DATASET EXTRACT Start Marker
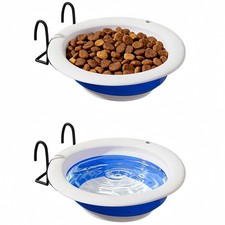 2-Pack Silicone Collapsible Dog Bowls with Wire Frame, Suitable for Tube Cages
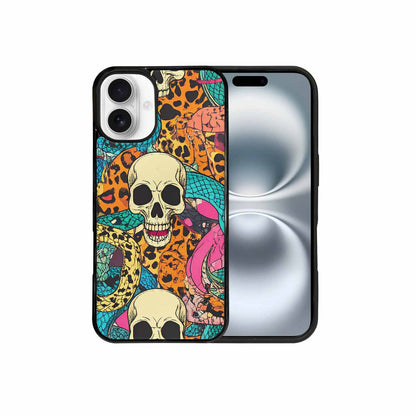 iPhone 16 Plus Case — Snake Print Skull Custom, Original Design Phone Case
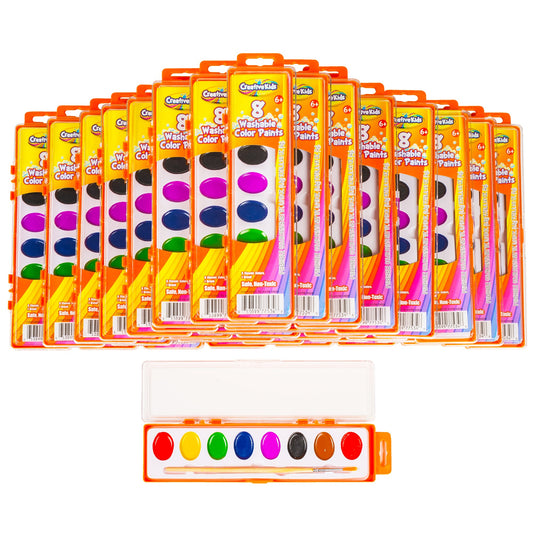 Bulk Classroom Watercolor Paint & Brush Sets - 40 Pack
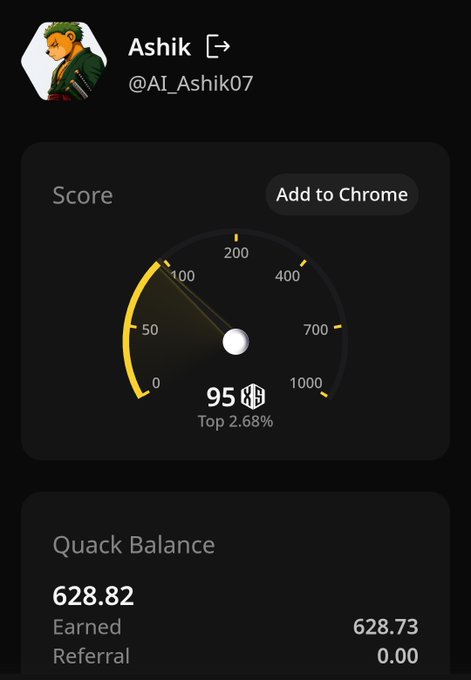 The image shows a score card for a social media platform named Quack Balance with an updated screen featuring three different areas of focus including Quack Balance, the user's profile picture, and their scores. The app has successfully been updated so far.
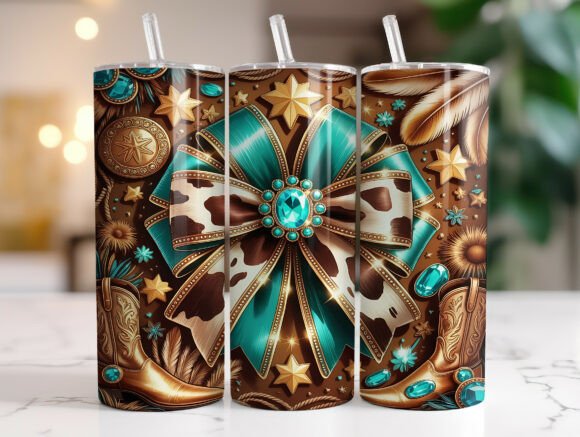 Western Cowprint Bow Tumbler Wrap Review for Embroidery Projects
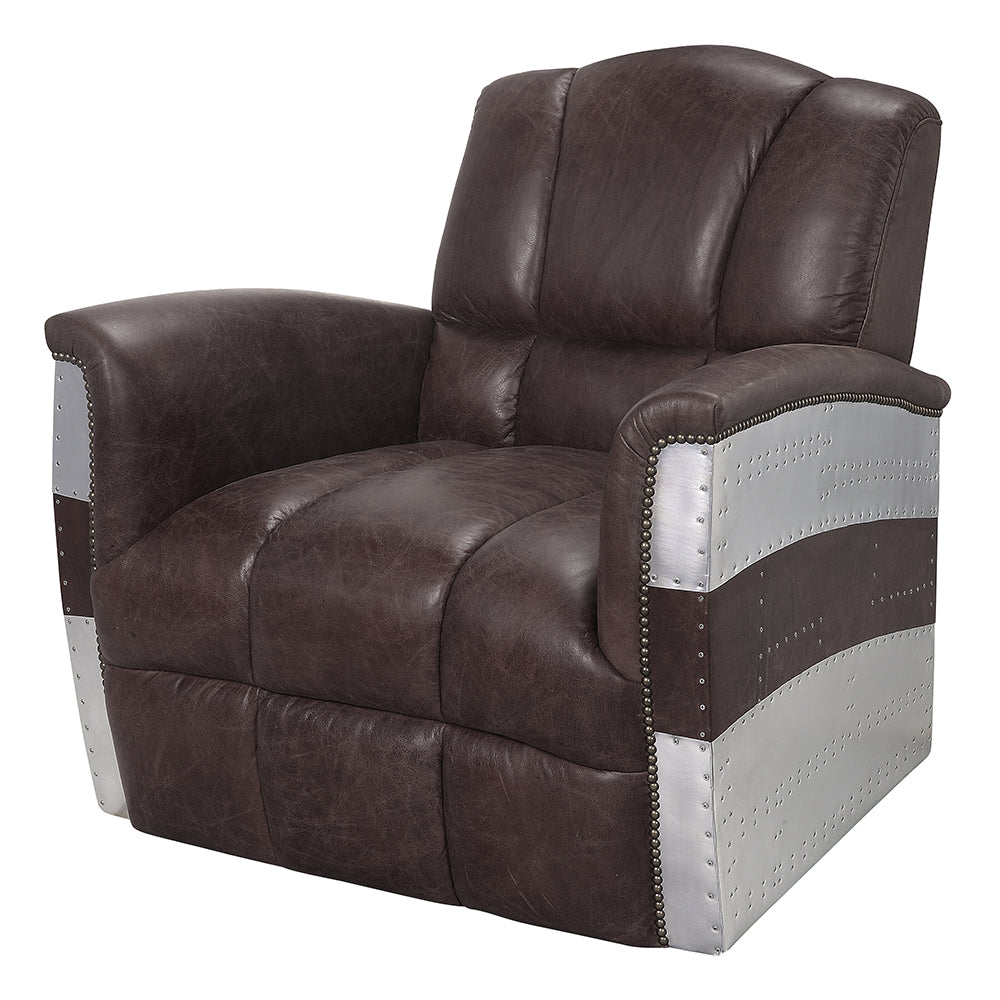 Brancaster Brown Leather & Aluminium Accent Chair - Ornate Home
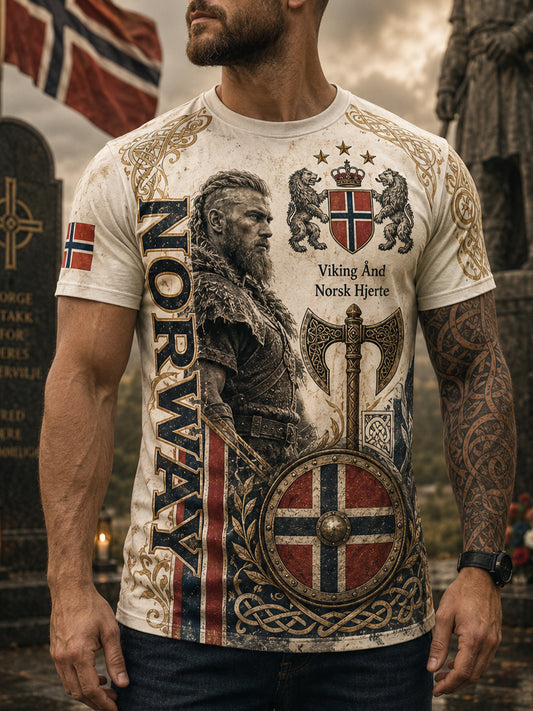 Herrer T-skjorte med norsk viking-inspirert patriotisk minnegrafikk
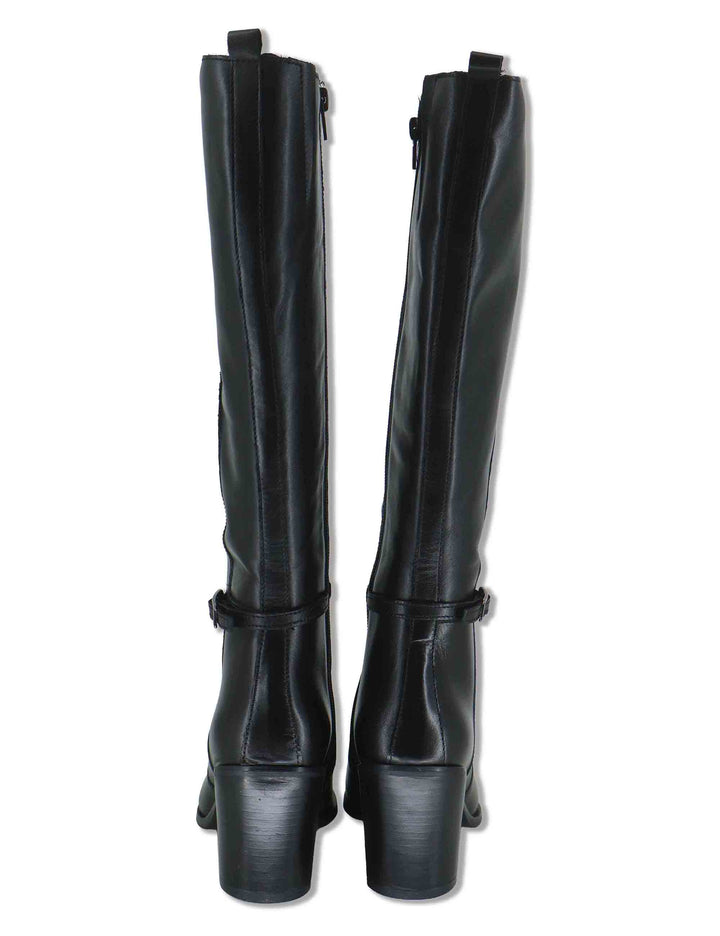 Stivali donna in pelle nera con tacco alto e cinturino alla caviglia J1242 001 Janet & Janet 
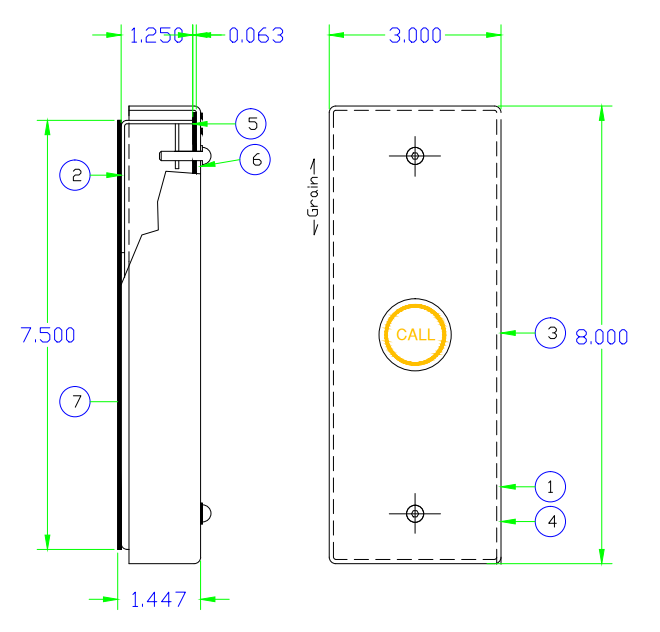 Single Button Hall Call Station - Stainless - Plug & Play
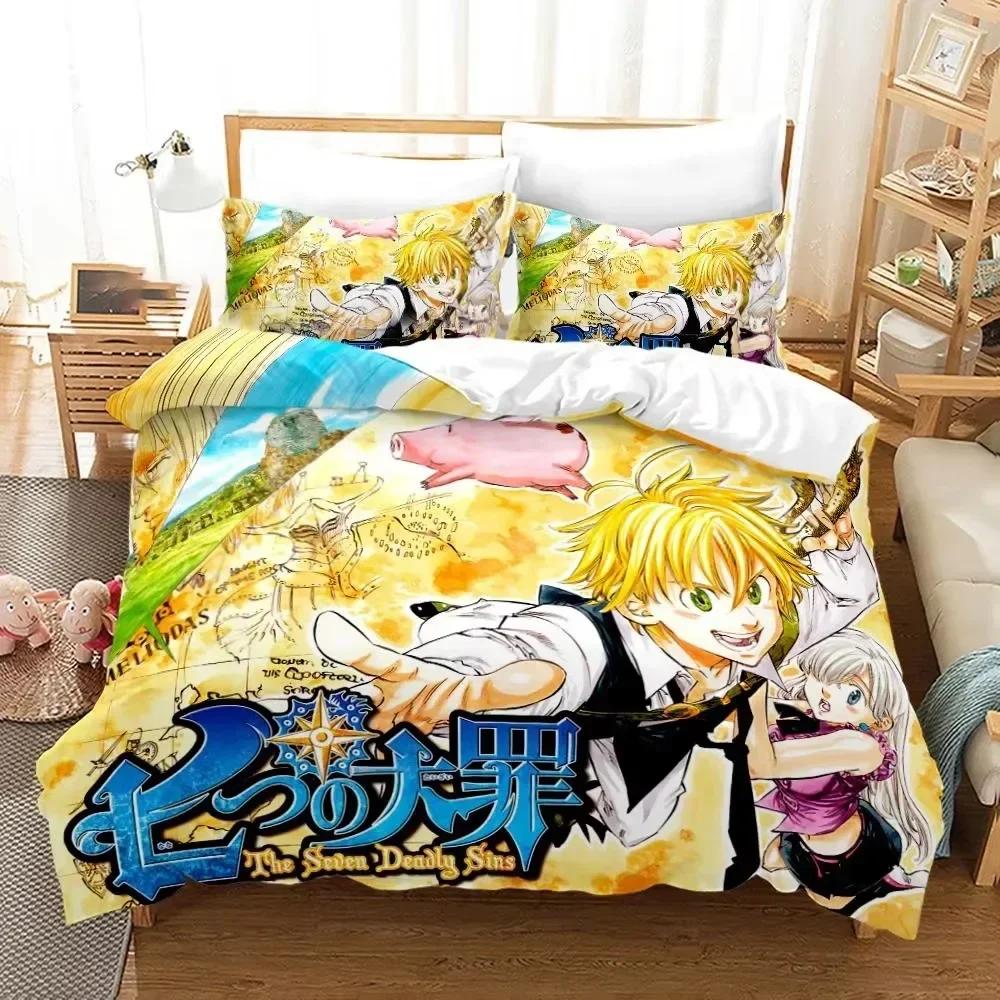 Seven Deadly Sins Anime Meliodas Bettwäsche-Set 3D-Druck Geeignet für Schlafzimmer Bettbezug-Set mit Kissenbezügen Kinder Heimtextilien AU Queen 210x210cm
DATASET EXTRACT End Marker
PROBLEM STATEMENT: Your reply should consist of the data, transcribed exactly, and should hold no pictures.

RESULT OF THE TASK:
 2-Pack Silicone Collapsible Dog Bowls with Wire Frame, Suitable for Tube Cages
 iPhone 16 Plus Case — Snake Print Skull Custom, Original Design Phone Case
 Bulk Classroom Watercolor Paint & Brush Sets - 40 Pack
 The image shows a score card for a social media platform named Quack Balance with an updated screen featuring three different areas of focus including Quack Balance, the user's profile picture, and their scores. The app has successfully been updated so far.
 Western Cowprint Bow Tumbler Wrap Review for Embroidery Projects
 Brancaster Brown Leather & Aluminium Accent Chair - Ornate Home
 Herrer T-skjorte med norsk viking-inspirert patriotisk minnegrafikk
 Stivali donna in pelle nera con tacco alto e cinturino alla caviglia J1242 001 Janet & Janet 
 Single Button Hall Call Station - Stainless - Plug & Play
 Seven Deadly Sins Anime Meliodas Bettwäsche-Set 3D-Druck Geeignet für Schlafzimmer Bettbezug-Set mit Kissenbezügen Kinder Heimtextilien AU Queen 210x210cm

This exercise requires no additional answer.